(Short web captions)

╔══

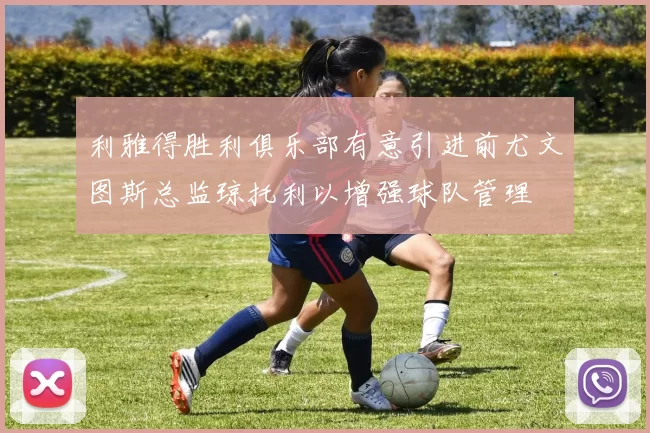 利雅得胜利俱乐部有意引进前尤文图斯总监琼托利以增强球队管理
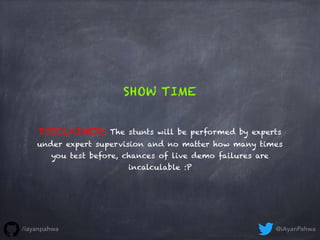DISCLAIMER: The stunts will be performed by experts
under expert supervision and no matter how many times
you test before, chances of live demo failures are
incalculable :P
SHOW TIME
@iAyanPahwa/iayanpahwa
 
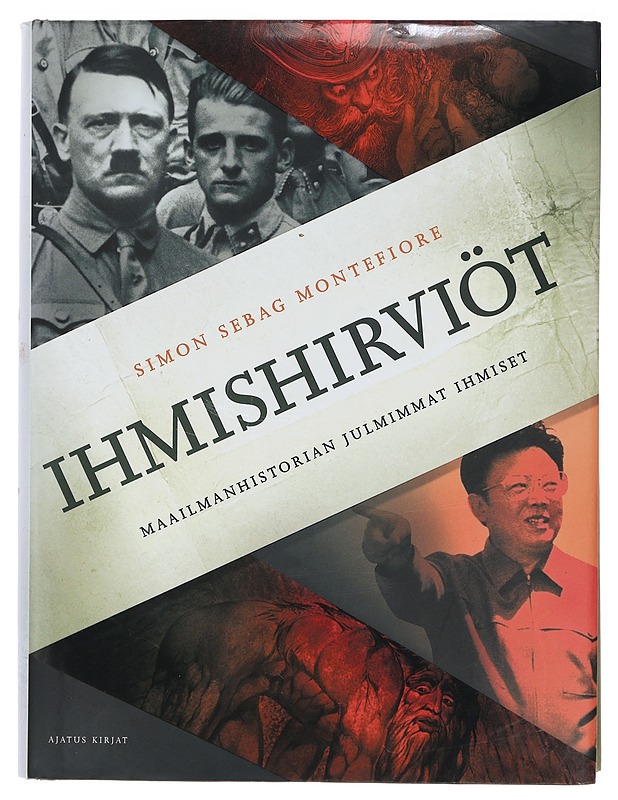 Ihmishirviöt : maailmanhistorian julmimmat ihmiset - Sebag Montefiore, Simon - Elämäkerrat ja muistelmat - 10105377866 - 0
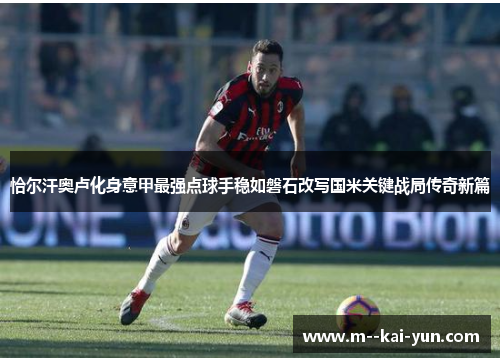 恰尔汗奥卢化身意甲最强点球手稳如磐石改写国米关键战局传奇新篇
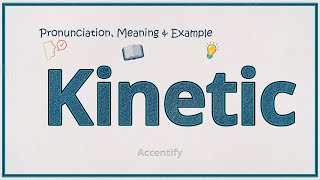Kinetic (Pronunciation, Meaning & Example)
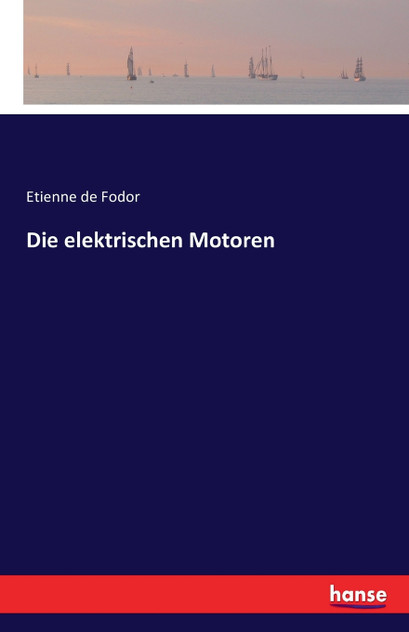 Die elektrischen Motoren Die elektrischen Motoren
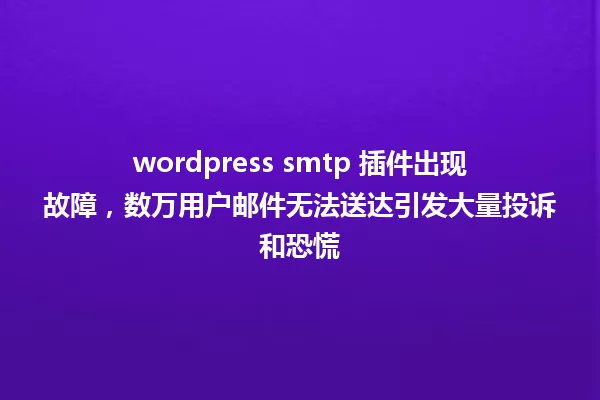 wordpress smtp 插件出现故障,数万用户邮件无法送达引发大量投诉和恐慌 一
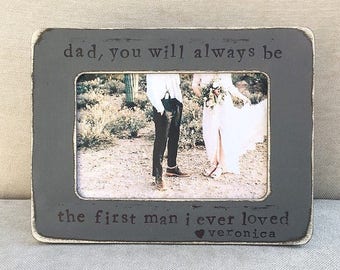 Dad picture frame, Father of the bride, you will always be the first man i ever loved picture frame - flowers in december ds
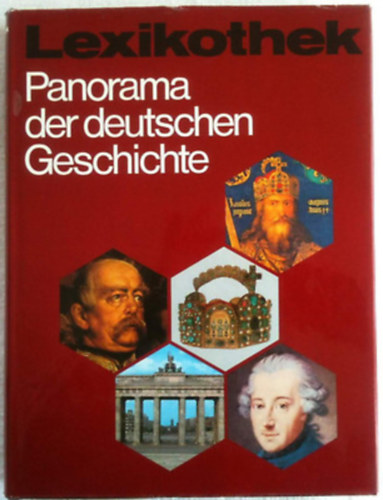 Panorama der deutschen Geschichte antikvár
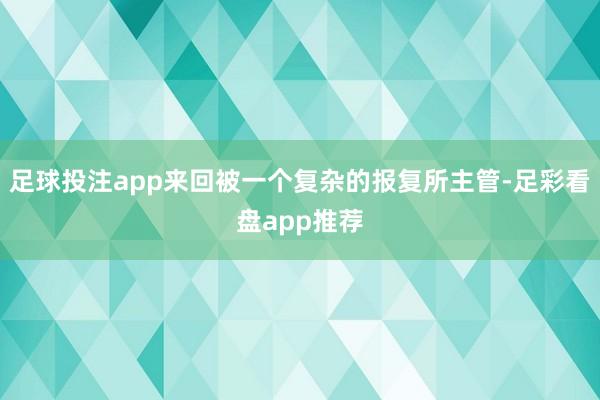 足球投注app来回被一个复杂的报复所主管-足彩看盘app推荐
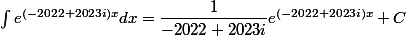 \int e^{(-2022+2023i)x}dx = \dfrac1{-2022+2023i} e^{(-2022+2023i)x} + C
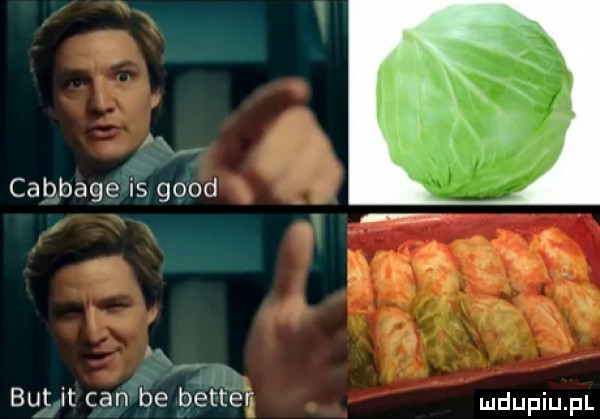 cabbage is geod but it cen be better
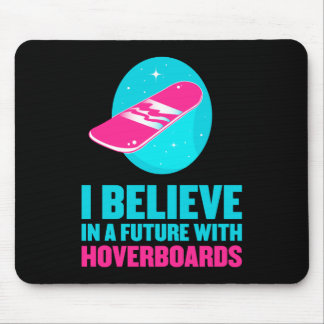 Alfombrilla De Ratón Creo en un futuro con hoverboards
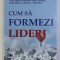 CUM SA FORMEZI LIDERI de JOHN ADAIR , 2014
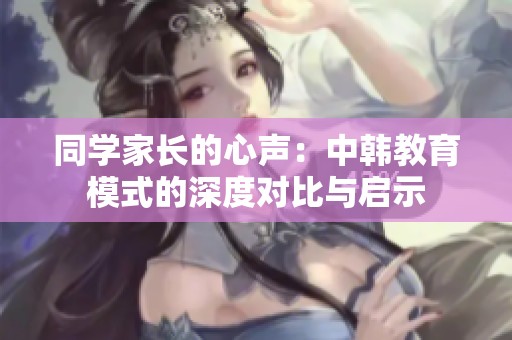 同学家长的心声：中韩教育模式的深度对比与启示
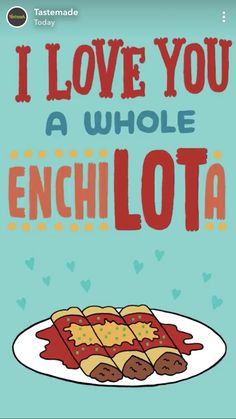 i love you a whole enchilota card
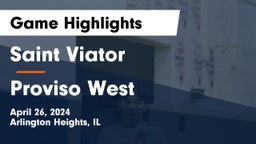 Saint Viator  vs Proviso West  Game Highlights - April 26, 2024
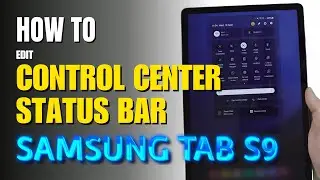 How to Edit Control Center | Status bar Samsung Galaxy Tab S9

╚══

» Task objective: From the line with "wordpress smtp 插件出现故障,数万用户邮件无法送达引发大量投诉和恐慌 一" up to and including the line with "cabbage is geod but it cen be better" above, retype every line exactly and nothing more; leave out the pictures.

» Problem solution:
 wordpress smtp 插件出现故障,数万用户邮件无法送达引发大量投诉和恐慌 一
 Dad picture frame, Father of the bride, you will always be the first man i ever loved picture frame - flowers in december ds
 Panorama der deutschen Geschichte antikvár
 足球投注app来回被一个复杂的报复所主管-足彩看盘app推荐
 \int e^{(-2022+2023i)x}dx = \dfrac1{-2022+2023i} e^{(-2022+2023i)x} + C
 cabbage is geod but it cen be better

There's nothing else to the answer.